Порожденная иллюзией (ЛП) - Тери Браун
Шрифт:
Интервал:
Закладка:
По просьбам зрителей, он завершает шоу несколькими из любимых «освобождений». И я отвлекаюсь от собственных мыслей, наблюдая за каждым его шагом, каждым трюком, каждым действием. Отмечаю драматические интонации голоса Гудини, его крупные размашистые жесты, его работу с публикой.
А под занавес звучит объявление, что книгу Гудини «Фокусник среди духов» можно приобрести в атриуме и что автор лично будет подписывать экземпляры.
Это мой долгожданный шанс, и я соскальзываю с места, надеясь избежать толкотни.
Не тут-то было. К моменту, когда мне удается купить книгу, очередь тянется уже чуть ли не до парадного входа. Я морщусь от смеси неприятного запаха тел и аромата духов. Каждый зритель хочет рассказать Гудини свою историю. Он склоняет голову и подает правильные реплики, но я знаю, что он практически не слушает. Уверена, мысленно он уже перенесся к следующему мероприятию своей невероятно насыщенной жизни.
И вот подходит моя очередь.
Затаив дыхание, я вглядываюсь в лицо Гудини, ожидая увидеть... что-то. Возможно, замешательство или неосознанное узнавание. Но он смотрит на меня так же, как смотрел на человека передо мной, – вежливо, мило, открыто.

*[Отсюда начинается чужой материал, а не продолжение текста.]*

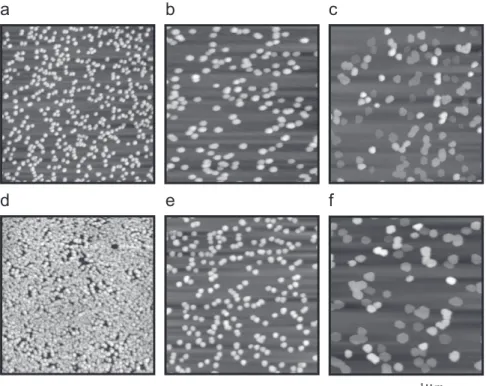 Fig. 1. AFM image of InN nanodots grown by the CM method at (a) 600 1C, (b) 650 1C, and (c) 700 1C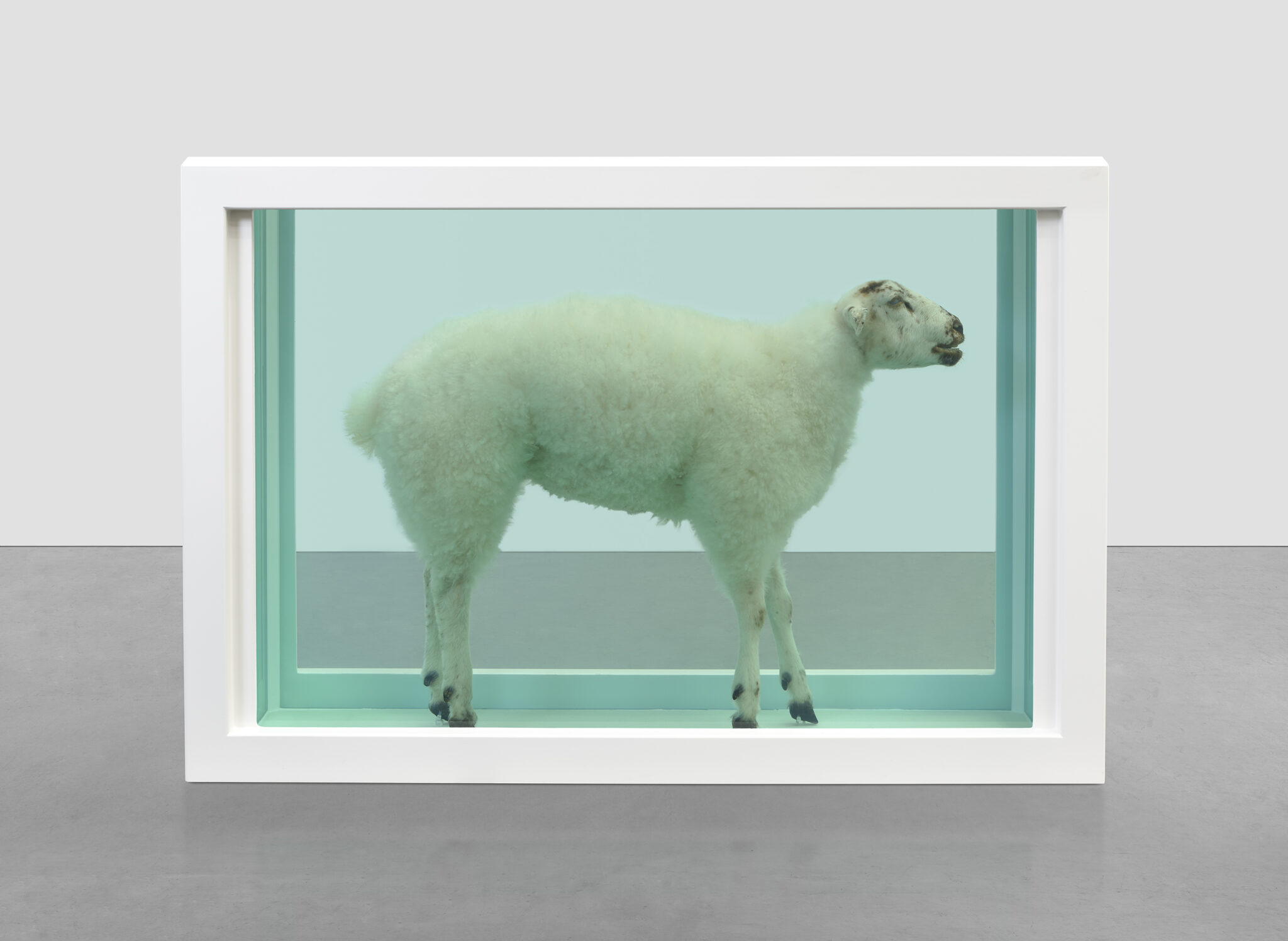 Damien Hirst's formaldehyde sculptures feature in new exhibition. - FAD ...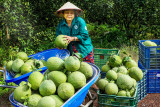 Tập trung hoàn thành các mục tiêu, chỉ tiêu năm 2024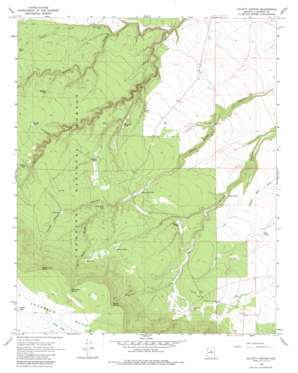 Elliott Canyon USGS topographic map 35111a3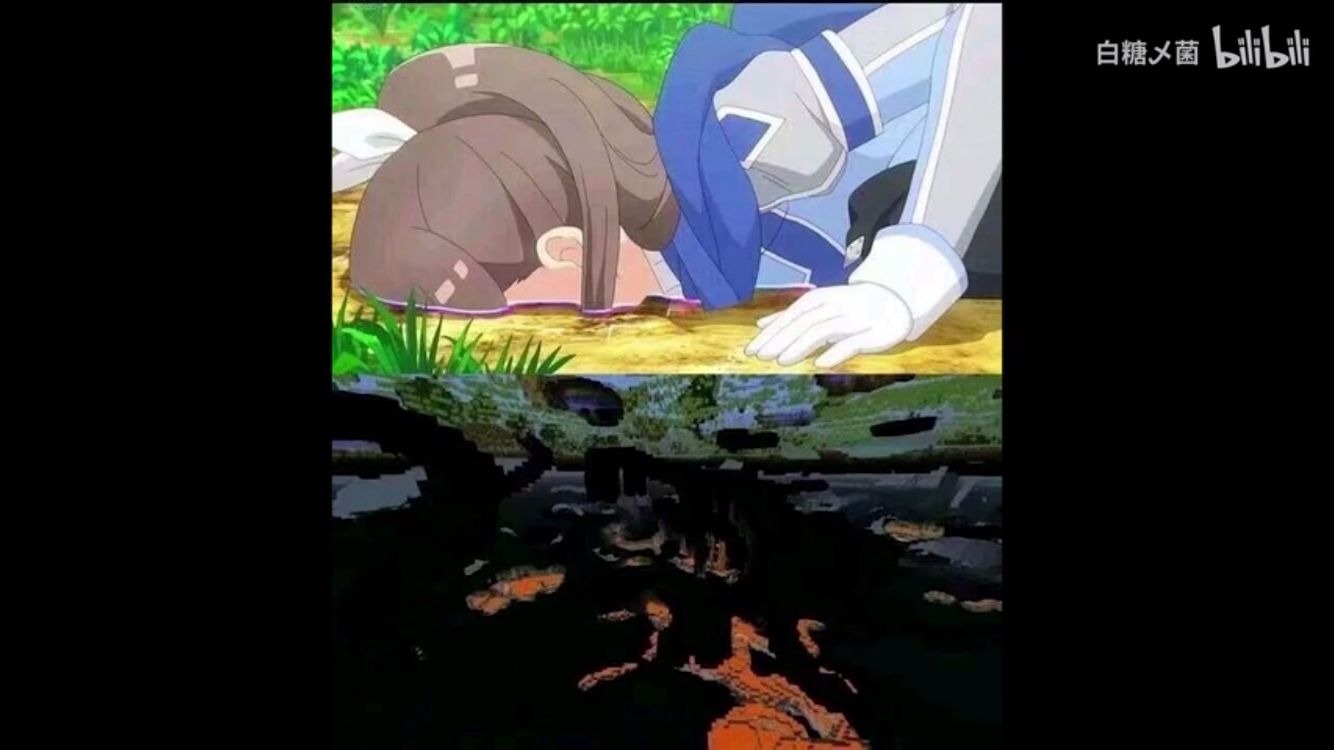 1585832425265.jpeg
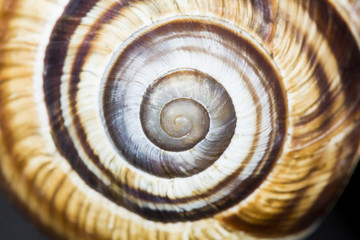Orchard snail (Helix pomatia) - shell with dark background

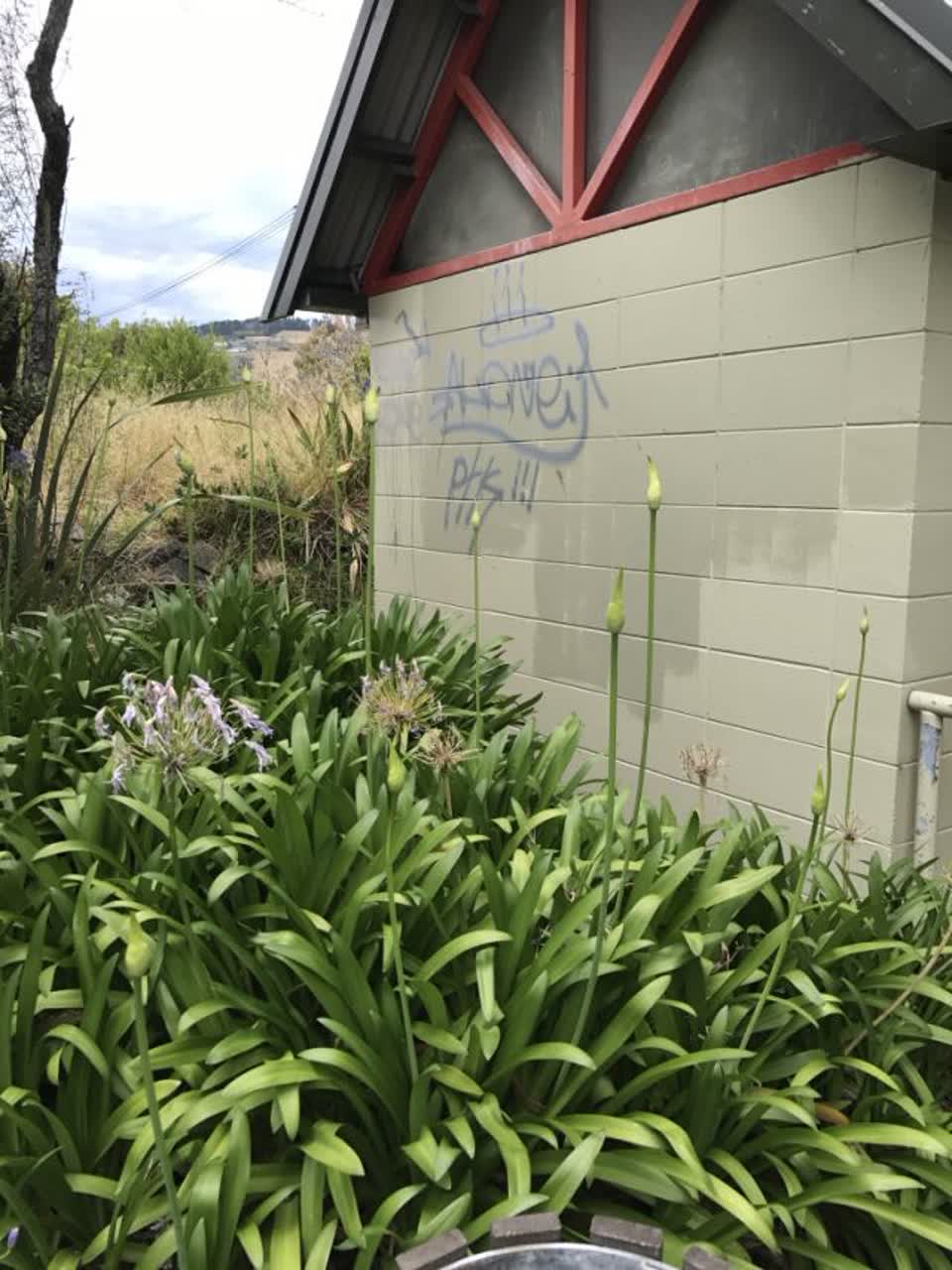 The photograph attached to this graffiti report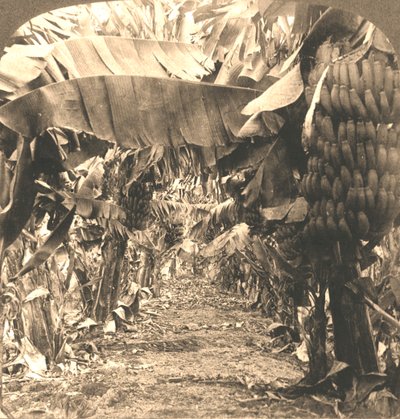 I hjertet av en bananplantasje, Hawaii-øyene, 1901. av Works and Sun Sculpture Studios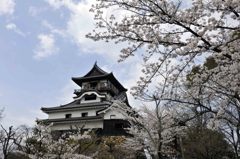 犬山城 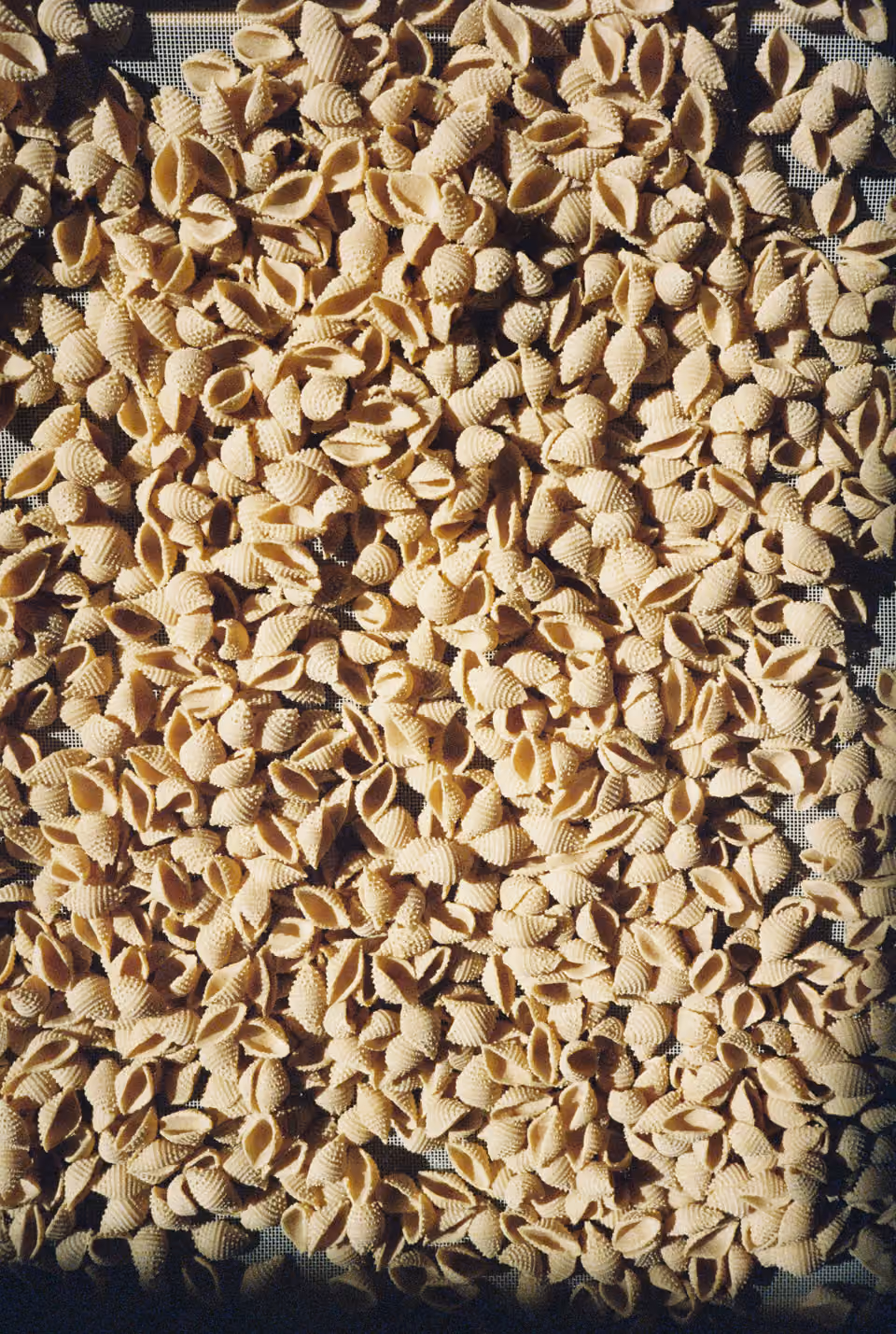 Close-up of numerous small, dry pasta shells spread out on a mesh surface under sunlight.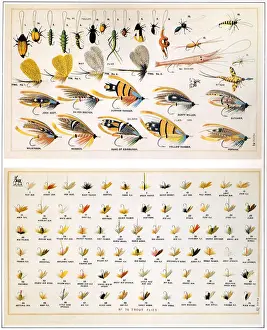 Kinds Prints: Flies Date: 1887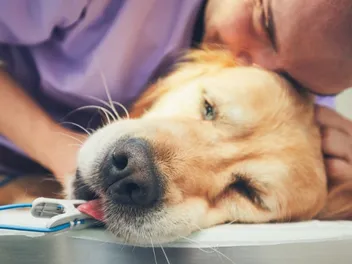 Bereavement Leave for Pets: What It Is & How It Works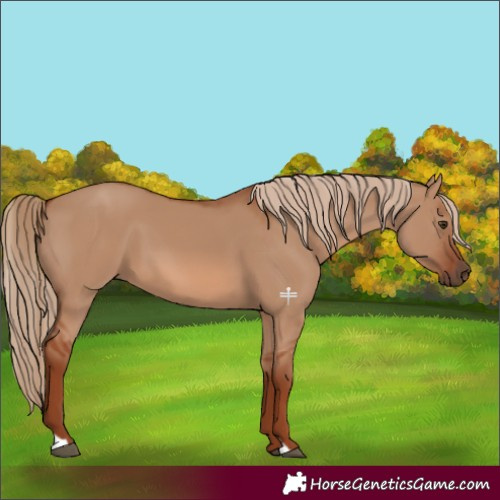 Horse Color:Red Dun 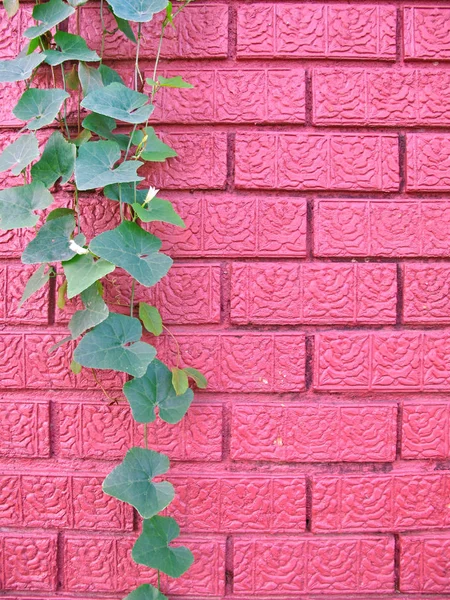 Pared del templo —  Fotos de Stock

Интересно, как бы изменилось выражение его лица, знай Гудини, чем я зарабатываю на жизнь?
Книга жжет мне пальцы, и я сую ее на подпись так, будто обложка может меня укусить.
– Подписывать для кого-то конкретного?
Я избегаю его взгляда, словно он способен прочитать вину в моих глазах.
– Да, пожалуйста.
Он ждет, на лице отражается нетерпение.
– Имя?
Я откашливаюсь:
– Анна.
– Просто Анна?
Не в силах говорить, киваю.
И вижу, как появляется надпись: «С наилучшими пожеланиями. Гарри Гудини».
С наилучшими пожеланиями.
Внутри вспыхивают негодование и гнев, когда к Гудини подходит миниатюрная брюнетка и шепчет что-то ему на ухо. Его жена. Он гладит ее по руке и протягивает мне книгу с отстраненной улыбкой.
Мне следует уйти, но я не двигаюсь с места – ноги будто вросли в пол.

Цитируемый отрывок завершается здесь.